Setelah pintu kamar nomor 20A terlihat, keduanya baru bisa menghela napas lega. Apalagi ketika menangkap samar-samar suara yang mereka kenal dari balik pintu. Teman-teman kantornya sedang tertawa-tawa dengan yang sakit, yang jelas terdengar paling kencang tertawanya. Mungkin mereka sedang menghibur Sander yang tergolek di rumah sakit karena tekanan darah tingginya kumat.

Begitu Agus membuka pintu, Dirga membeku. Keningnya berlipat memastikan yang dilihatnya nyata atau tidak. Terlebih, saat hidungnya menangkap aroma kesturi. Makhluk cantik yang menempeli Dirga sedari masuk rumah sakit mendadak raib. Besar kemungkinan karena makhluk yang ada di hadapannya kini sedang memasang tampang tak bersahabat. Dengan mata semerah darah, rambut hitam menjuntai, makhluk itu berhasil memancarkan aroma pertikaian.

Namun anehnya, hal itu berlangsung hanya sampai makhluk cantik yang ada di sebelah Dirga raib. Setelahnya, keramahan terbit, dan tak dapat ditampiknya. Senyum lebarnya begitu mengganggu. Makhluk tak kasat mata itu memilih posisi berdiri di atas kepala Sander yang sedang menegakkan punggungnya.

"Selamat malam, Mas," sapa Dirga dari balik punggung Agus.

"Lama banget?" cecar Sander.

"Gara-gara nyelesein kerjaan kantor dulu, jadi ditinggal sama yang lain. Maaf, ya." Agus menyodorkan bungkusan berisi buah-buahan, yang langsung disambut istri Sander dengan sigap.

"Kok repot bawa bingkisan segala," Sander berbasa-basi.

"Ya, kalau nggak mau, boleh aku bawa pulang lagi, nggak?" Agus bercanda.

"Tega?"

Yang lain ikut tertawa setelah Agus membalas dengan mengangguk kecil.

"Terima kasih sudah menjenguk," kata Sander sambil mempersilakan mereka duduk. Dia pun melanjutkan ceritanya mengenai penyakit darah tingginya yang minta perhatian. Sampai Sander harus menginap di rumah sakit selama dua malam. Seperti biasa, penjelasan itu keluar secara berlebihan.

Sementara itu, Dirga melangkah pelan menuju tempat duduk yang ada di samping tempat tidur Sander dengan perasaan waswas.

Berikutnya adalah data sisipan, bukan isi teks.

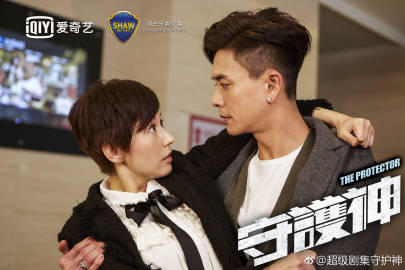 守護神The Protector 2018
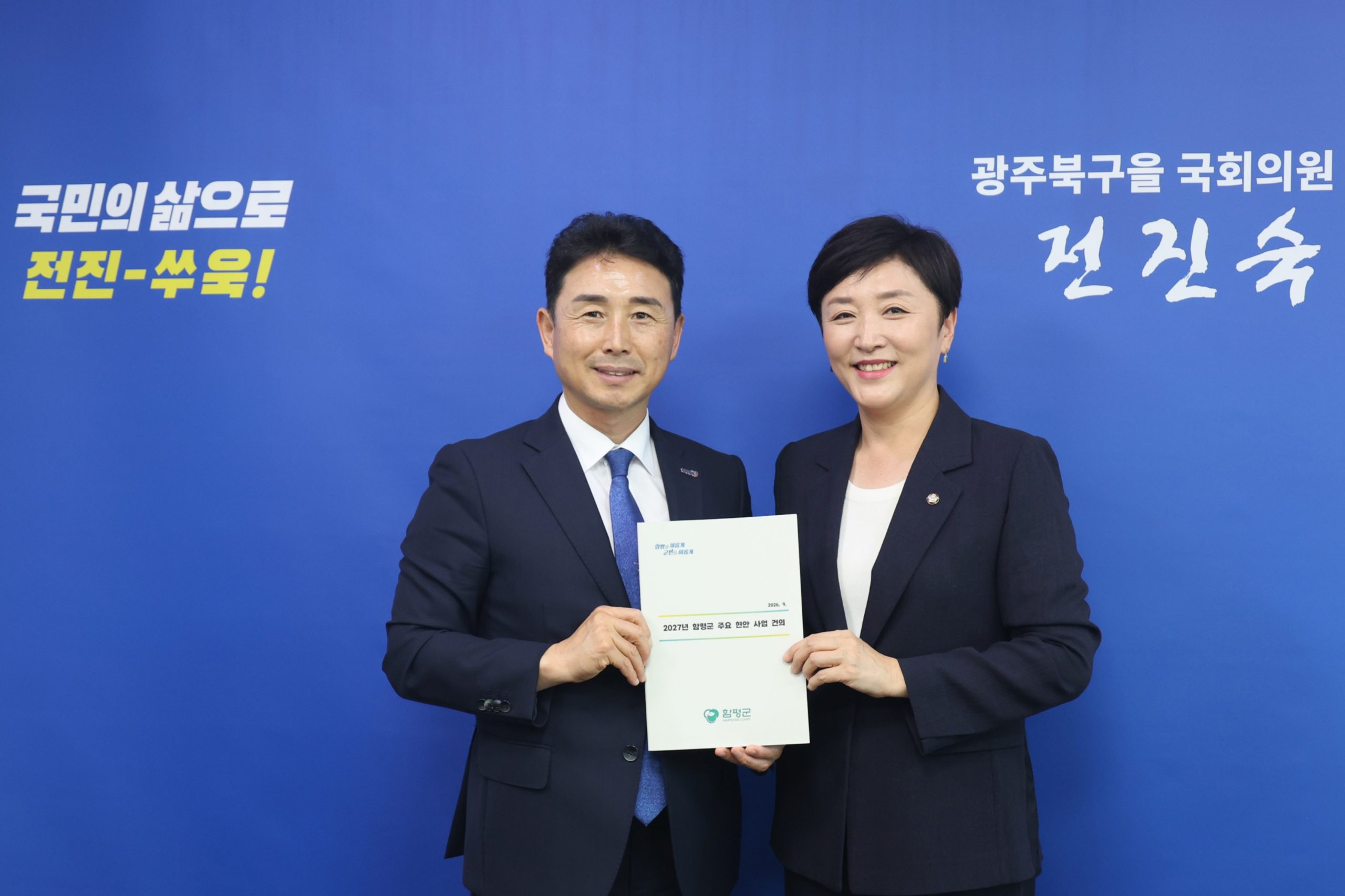 이남오 함평군수, 국회서 ‘2027년 국비‧현안 해결’ 총력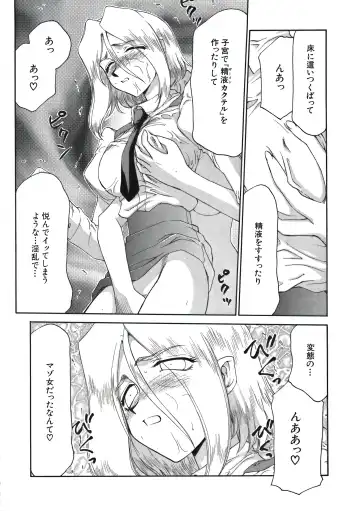 [Taira Hajime] D.D. Fhentai - Page 160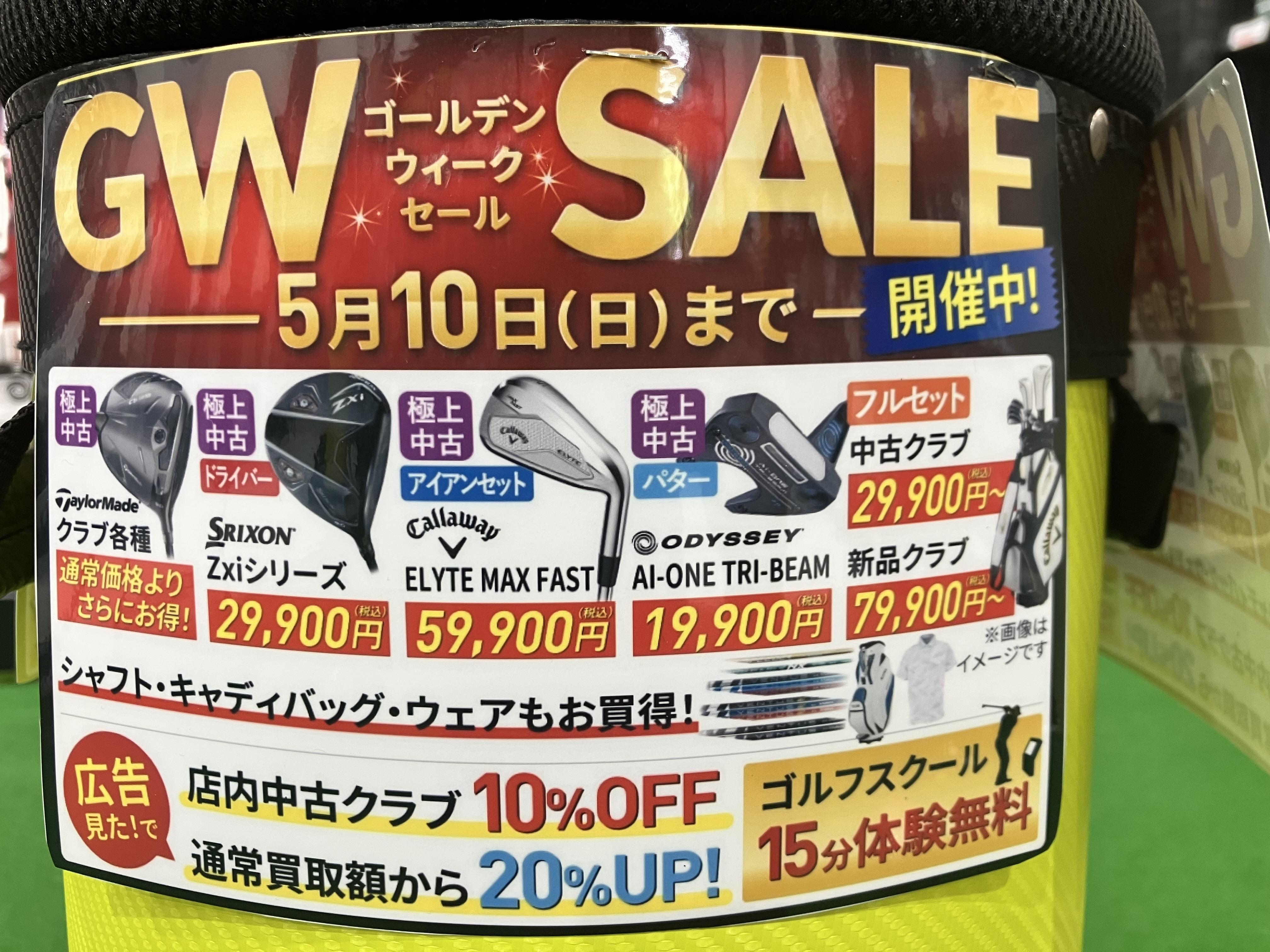 ☆GW　SALE最終日☆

Dia takut makhluk itu berulah.

"Semalam seperti ada yang nyekik sampai susah napas. Untung akunbisa baca doa, jadi yang nyekik kayak hilang gitu aja. Seingatku, antara mimpi atau bukan, yang nyekik matanya merah."

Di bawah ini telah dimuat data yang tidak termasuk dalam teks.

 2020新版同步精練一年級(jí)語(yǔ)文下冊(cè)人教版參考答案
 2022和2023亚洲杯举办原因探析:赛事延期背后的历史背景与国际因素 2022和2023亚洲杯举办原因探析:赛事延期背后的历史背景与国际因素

"Mas, jangan cerita yang seram dong. Aku lagi sendirian di rumah―" sambar Lia dengan wajah takut-takut. Admin kantor itu berkata dengan memelas supaya Sander menghentikan ceritanya.

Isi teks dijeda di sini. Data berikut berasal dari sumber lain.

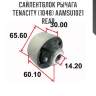 Сайлентблок рычага tenacity (1048) aamsu1021 rear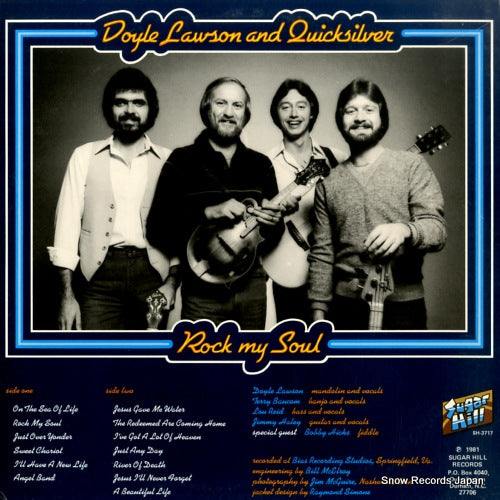 SH-3717 back cover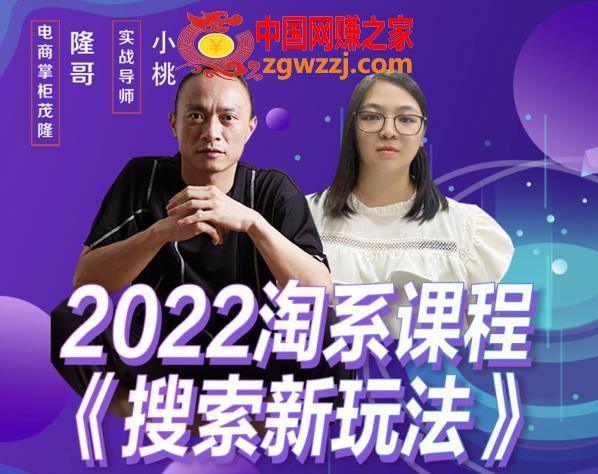 茂隆2022年搜索新玩法，淘系平台新增的分流权重考核维度以及三个如何拉搜索的实操落地的方法,图片[1]-茂隆2022年搜索新玩法，淘系平台新增的分流权重考核维度以及三个如何拉搜索的实操落地的方法-阿灿说钱,课程,店铺,玩法,第1张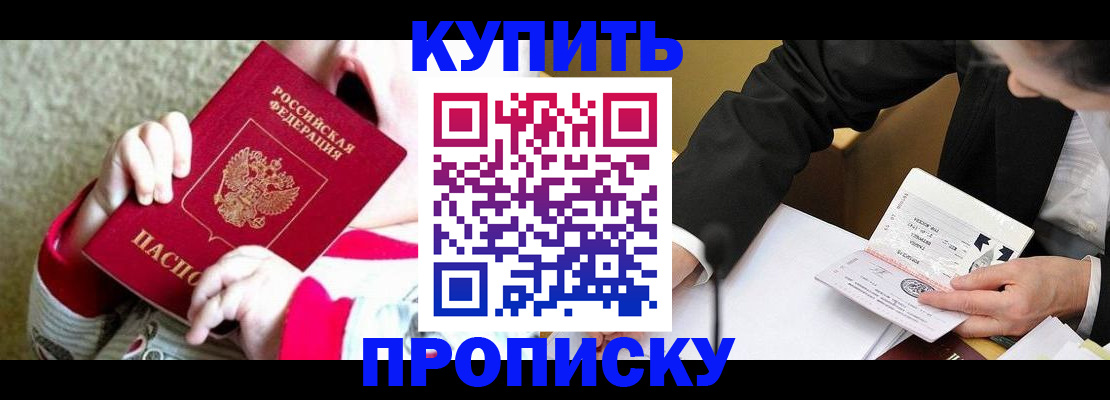 прописка иностранных граждан в Амурске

"Apa Mas pernah bersentuhan dengan dunia lain?" potong Dirga tiba-tiba, lalu mendapat pandangan menusuk dari Lia yang duduk paling dekat dengan istri Sander.

Dahi Sander berlipat-lipat. Yang lain terdiam mendengarkan, sementara Agus menggeleng sama seperti Lia. Keduanya berharap mereka tidak melanjutkan cerita.

"Memangnya ada apa?" Sander bertanya balik.

"Nggak apa-apa. Kalau iya, mungkin ada hubungannya dengan cekikan semalam," ulang Dirga sembari mempertajam pendengarannya.

Makhluk itu tersenyum.

"Dulu sekali, waktu di Gunung Kawi, aku sama teman-temanku iseng pengin ketemu sama yang nggak bisa dilihat dengan mata telanjang. Melihatnya harus dengan mata batin."

Dirga tidak percaya Sander begitu percaya diri mengakui, terutama hal klenik semacam itu.

"Terus, ketemu?"

"Iya. Ketemu."

"Maaf, Mas. Kalau boleh tahu, dulu Mas minta apa?"

Orang-orang sepertinya sedang mengobrol sendiri-sendiri, sebab tidak ingin terlarut dalam cerita horor Dirga dan Sander, terutama Lia dan Agus. Jadi, Sander meminta Dirga mendekat, kemudian berbisik, "Aku minta tahan bacok, dan berhasil."